Growing participation in school meal programs is part of the DMI plan. Because 8-ounce cartons of milk must be offered with each breakfast and lunch offered in school, increasing student participation automatically increases milk sales, she says, estimating that every new student brought into the cafeteria for breakfast or lunch means 100 pounds of milk consumed yearly.

In March, DMI helped promote National School Breakfast Week with merchandising materials distributed to 16,000 elementary schools. Materials included colorful posters and danglers for cafeterias promoting the “Breakfast: It’s Totally Cool!” theme as well as milk and other dairy products.

This fall, back-to-school efforts will include a chocolate milk promotion and a program to help foodservice operators overcome barriers to serving flavored milk in their schools. An additional school marketing kit will tie “got milk?” TV ads with printed promotional materials to be used on menus sent home with students.

“The only piece of paper that always makes it home with the kids is the school menu,” she notes. “Why not get our dairy message on school menus across the country?

“If you ask any foodservice director what they want, it’s more kids in their cafeteria,” Cline says. “Instead of just throwing money at the school district, we’re really trying to help them build a stronger program.”

New Venues

Though patrons of theme restaurants, fast food venues, cafeterias and other foodservice operations created the HMR market, most have never heard the industry term.
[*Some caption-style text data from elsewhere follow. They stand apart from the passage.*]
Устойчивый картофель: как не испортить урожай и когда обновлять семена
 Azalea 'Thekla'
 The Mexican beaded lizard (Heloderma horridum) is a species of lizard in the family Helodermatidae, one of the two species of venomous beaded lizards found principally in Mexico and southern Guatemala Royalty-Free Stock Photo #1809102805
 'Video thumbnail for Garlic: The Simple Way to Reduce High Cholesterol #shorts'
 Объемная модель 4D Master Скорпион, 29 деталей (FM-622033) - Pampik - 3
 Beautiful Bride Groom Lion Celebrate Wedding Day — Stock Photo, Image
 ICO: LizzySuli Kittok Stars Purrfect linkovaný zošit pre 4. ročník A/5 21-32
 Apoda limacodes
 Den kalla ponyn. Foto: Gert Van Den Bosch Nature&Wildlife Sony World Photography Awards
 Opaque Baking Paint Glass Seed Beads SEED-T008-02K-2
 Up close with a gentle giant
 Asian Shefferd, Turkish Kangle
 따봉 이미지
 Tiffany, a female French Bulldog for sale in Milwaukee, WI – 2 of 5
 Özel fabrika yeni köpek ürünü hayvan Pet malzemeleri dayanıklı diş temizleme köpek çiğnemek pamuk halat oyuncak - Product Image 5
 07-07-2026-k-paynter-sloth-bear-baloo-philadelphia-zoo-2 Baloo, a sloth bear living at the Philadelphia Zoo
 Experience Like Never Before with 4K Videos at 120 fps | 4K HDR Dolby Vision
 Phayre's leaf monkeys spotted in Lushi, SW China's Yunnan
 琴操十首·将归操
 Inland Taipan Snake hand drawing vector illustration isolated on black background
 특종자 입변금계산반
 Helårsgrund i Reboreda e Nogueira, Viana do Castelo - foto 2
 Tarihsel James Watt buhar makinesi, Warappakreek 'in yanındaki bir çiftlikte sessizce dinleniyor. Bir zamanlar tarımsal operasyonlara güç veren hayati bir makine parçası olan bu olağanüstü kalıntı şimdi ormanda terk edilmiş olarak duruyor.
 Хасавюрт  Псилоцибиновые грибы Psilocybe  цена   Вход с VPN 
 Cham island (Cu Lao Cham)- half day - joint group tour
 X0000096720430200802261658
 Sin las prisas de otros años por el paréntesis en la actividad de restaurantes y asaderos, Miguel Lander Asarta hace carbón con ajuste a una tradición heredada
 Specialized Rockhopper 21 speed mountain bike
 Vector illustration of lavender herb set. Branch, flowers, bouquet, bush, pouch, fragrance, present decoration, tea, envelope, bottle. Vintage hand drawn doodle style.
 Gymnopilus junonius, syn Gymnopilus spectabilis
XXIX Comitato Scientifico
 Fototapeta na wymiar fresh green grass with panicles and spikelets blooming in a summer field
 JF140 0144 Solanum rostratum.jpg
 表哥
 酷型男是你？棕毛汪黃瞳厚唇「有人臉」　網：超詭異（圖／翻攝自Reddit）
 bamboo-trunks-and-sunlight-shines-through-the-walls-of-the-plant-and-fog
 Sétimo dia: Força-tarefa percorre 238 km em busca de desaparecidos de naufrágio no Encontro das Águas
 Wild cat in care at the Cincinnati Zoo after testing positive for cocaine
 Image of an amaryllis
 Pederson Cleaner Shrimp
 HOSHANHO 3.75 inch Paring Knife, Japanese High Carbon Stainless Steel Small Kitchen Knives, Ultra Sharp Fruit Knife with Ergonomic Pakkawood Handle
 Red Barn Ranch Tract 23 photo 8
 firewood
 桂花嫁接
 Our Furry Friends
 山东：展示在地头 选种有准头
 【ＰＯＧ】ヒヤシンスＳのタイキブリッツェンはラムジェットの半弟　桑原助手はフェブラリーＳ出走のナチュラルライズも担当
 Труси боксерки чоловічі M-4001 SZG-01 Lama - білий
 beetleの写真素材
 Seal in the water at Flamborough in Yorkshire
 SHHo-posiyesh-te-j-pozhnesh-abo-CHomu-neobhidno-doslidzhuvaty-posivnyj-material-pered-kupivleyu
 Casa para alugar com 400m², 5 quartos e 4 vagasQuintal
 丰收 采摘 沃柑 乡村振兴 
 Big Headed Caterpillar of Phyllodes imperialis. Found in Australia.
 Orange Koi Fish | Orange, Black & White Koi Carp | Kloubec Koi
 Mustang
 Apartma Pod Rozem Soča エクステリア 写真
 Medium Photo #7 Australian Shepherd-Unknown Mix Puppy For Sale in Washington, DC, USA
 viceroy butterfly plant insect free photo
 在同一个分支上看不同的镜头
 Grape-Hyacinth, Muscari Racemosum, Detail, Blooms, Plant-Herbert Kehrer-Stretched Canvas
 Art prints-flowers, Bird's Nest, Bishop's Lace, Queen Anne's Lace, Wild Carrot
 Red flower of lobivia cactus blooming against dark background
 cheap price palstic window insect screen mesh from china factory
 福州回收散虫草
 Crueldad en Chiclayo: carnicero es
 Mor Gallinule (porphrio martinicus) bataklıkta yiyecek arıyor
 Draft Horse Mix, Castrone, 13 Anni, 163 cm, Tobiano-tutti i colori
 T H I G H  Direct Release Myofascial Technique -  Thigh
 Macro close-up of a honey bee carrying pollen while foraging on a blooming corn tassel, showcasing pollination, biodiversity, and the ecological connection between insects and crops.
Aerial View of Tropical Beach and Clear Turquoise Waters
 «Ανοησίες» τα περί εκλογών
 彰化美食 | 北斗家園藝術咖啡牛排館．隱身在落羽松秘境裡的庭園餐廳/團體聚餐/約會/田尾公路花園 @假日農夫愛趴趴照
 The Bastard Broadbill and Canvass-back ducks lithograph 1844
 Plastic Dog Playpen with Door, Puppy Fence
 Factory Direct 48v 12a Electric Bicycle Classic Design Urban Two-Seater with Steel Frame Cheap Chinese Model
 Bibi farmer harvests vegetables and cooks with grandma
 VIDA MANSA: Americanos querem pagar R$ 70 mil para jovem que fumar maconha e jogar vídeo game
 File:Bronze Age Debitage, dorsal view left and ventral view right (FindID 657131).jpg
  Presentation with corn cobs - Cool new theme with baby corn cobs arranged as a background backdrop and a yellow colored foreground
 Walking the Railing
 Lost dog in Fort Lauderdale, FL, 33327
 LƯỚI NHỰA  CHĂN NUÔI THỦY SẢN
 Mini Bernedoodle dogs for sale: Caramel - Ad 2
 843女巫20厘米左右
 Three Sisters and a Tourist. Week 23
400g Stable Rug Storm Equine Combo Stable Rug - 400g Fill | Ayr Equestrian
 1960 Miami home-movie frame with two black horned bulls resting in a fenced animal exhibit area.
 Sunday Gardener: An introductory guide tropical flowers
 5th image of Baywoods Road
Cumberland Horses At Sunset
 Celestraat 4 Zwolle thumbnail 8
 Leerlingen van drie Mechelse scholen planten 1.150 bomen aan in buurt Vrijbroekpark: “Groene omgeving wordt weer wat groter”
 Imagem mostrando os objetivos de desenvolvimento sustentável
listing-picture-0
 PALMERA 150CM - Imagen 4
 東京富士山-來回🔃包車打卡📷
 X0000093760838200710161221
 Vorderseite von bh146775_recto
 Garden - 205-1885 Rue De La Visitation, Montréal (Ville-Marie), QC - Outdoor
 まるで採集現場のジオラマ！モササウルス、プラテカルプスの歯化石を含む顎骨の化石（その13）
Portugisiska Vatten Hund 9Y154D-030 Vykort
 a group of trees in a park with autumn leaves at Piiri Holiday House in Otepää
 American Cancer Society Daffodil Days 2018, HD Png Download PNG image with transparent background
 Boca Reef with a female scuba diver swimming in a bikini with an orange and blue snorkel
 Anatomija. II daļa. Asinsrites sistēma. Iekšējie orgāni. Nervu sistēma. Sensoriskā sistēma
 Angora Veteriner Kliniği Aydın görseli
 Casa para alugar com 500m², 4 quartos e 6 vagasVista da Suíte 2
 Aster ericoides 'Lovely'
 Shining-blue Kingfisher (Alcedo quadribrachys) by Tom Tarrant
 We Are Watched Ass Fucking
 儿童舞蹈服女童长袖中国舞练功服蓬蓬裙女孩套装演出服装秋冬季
Though no one knows where the prepared meal segment is headed, it’s a good guess that the market will continue to grow.

With supermarkets, convenience stores and even gas stations getting into the action, Ewers says it appears that “More and more of the food that is consumed in the U.S. is going to be foodservice products.”

Commercial restaurants are still determining how they fit into the HMR trend beyond takeout.

Sargento’s Engel notes that his customers are searching for practical applications at the unit level. For instance, Appleby’s theme restaurant chain is beginning to offer its sauces at the retail level.

Modem vending machines may be the wave of the future for grab-and-go dairy items such as milk and ice cream novelties.

“There’s a demand for convenience, and convenience means service, speed, food at the fingertips, food anywhere,” Wells’ Reuter says.

“We have a consumer today that’s much more mobile so our product has to be available to consumers wherever they may be.”

To date, Wells’ has placed several hundred Blue Bunny-branded, glassfront ice cream novelty vending machines containing up to 18 products in markets throughout the country. The machines are placed in hightraffic locations or where there is a captive audience – at highway rest stops, schools and business/industry locations.

“Ice cream novelty machine vending is the fastest growing segment of the vending industry, growing in excess of 15 percent annually over the last three years,” Reuter says.

Cline shares the vending success story of a Wisconsin middle school, where traditional gabletop cartons were placed in a vending machine to free up space and labor on the cafeteria line.

“The unexpected result is the foodservice operation is selling more milk. The kids think it’s fun to purchase the milk out of the vending machine.”

Whether prepared food is offered in commercial, non-commercial or asyet untried venues, it appears that the foodservice industry will continue to grow. The end result is increased opportunity for dairy processors.

Knight sums up the future of the foodservice market: “It is booming. The foodservice market is not likely to fade away like the Hula-Hoop did.”